Cumhurbaşkanı Yardımcısı Cevdet Yılmaz, 2026-2028 dönemini kapsayan Orta Vadeli Program’ın detaylarını açıkladı. Programda enflasyonun yüzde 8’e düşürülmesi, ekonominin 1,9 trilyon dolara çıkarılması ve işsizliğin azaltılması hedefleniyor. Ayrıca gelecek yıl özelleştirme gelirlerinin yaklaşık 9 kat artması bekleniyor.
Cumhurbaşkanı Yardımcısı Cevdet Yılmaz, Beştepe’de 2026-2028 dönemini kapsayan Orta Vadeli Program’ı (OVP) kamuoyuna sundu. Resmî Gazete’de yayımlanarak yürürlüğe giren program, Türkiye ekonomisinin önümüzdeki üç yıllık dönemdeki hedeflerini belirledi.
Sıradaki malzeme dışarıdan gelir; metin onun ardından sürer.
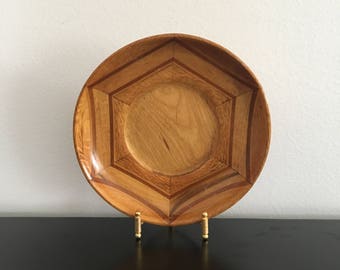 Vintage Wooden Bowl, Wood Dish, Segmental Bowl,Hand Made Wooden Bowl,Mixed Wooden Bowl, Inlaid Wooden Bowl,Wooden Decor, Home Decor, Bowl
Yılmaz, hazırlık sürecinde ortak akıl ve katılımcı anlayışın esas alındığını, programın ilgili tüm taraflarla istişare edilerek hazırlandığını bildirdi. Geçen yıl eylül ayından bu yana küresel ve bölgesel düzeyde yaşanan olumsuz gelişmelere rağmen temel makroekonomik politika yaklaşımının sürdürüldüğünü ifade etti.
Enflasyon hedefi yüzde 8
Programın ana odağında yer alan enflasyonla mücadele kapsamında 2024 yılında yüzde 44,4 seviyesinde gerçekleşen enflasyonun kademeli olarak düşürüleceği açıklandı. 2025 yılında yüzde 28,5’e, 2026’da yüzde 16’ya, 2027’de yüzde 9’a ve 2028 yılında yüzde 8 seviyelerine gerilemesi hedefleniyor.
Yılmaz, Haziran 2024’ten itibaren kesintisiz bir dezenflasyon sürecine girildiğini, bu dönemde enflasyon oranının toplam 42,5 puanlık gerileme gösterdiğini belirtti. Enflasyon beklentileri ve ana eğilim göstergelerindeki iyileşmeyle dezenflasyon sürecinin devam etmesini beklediklerini söyledi.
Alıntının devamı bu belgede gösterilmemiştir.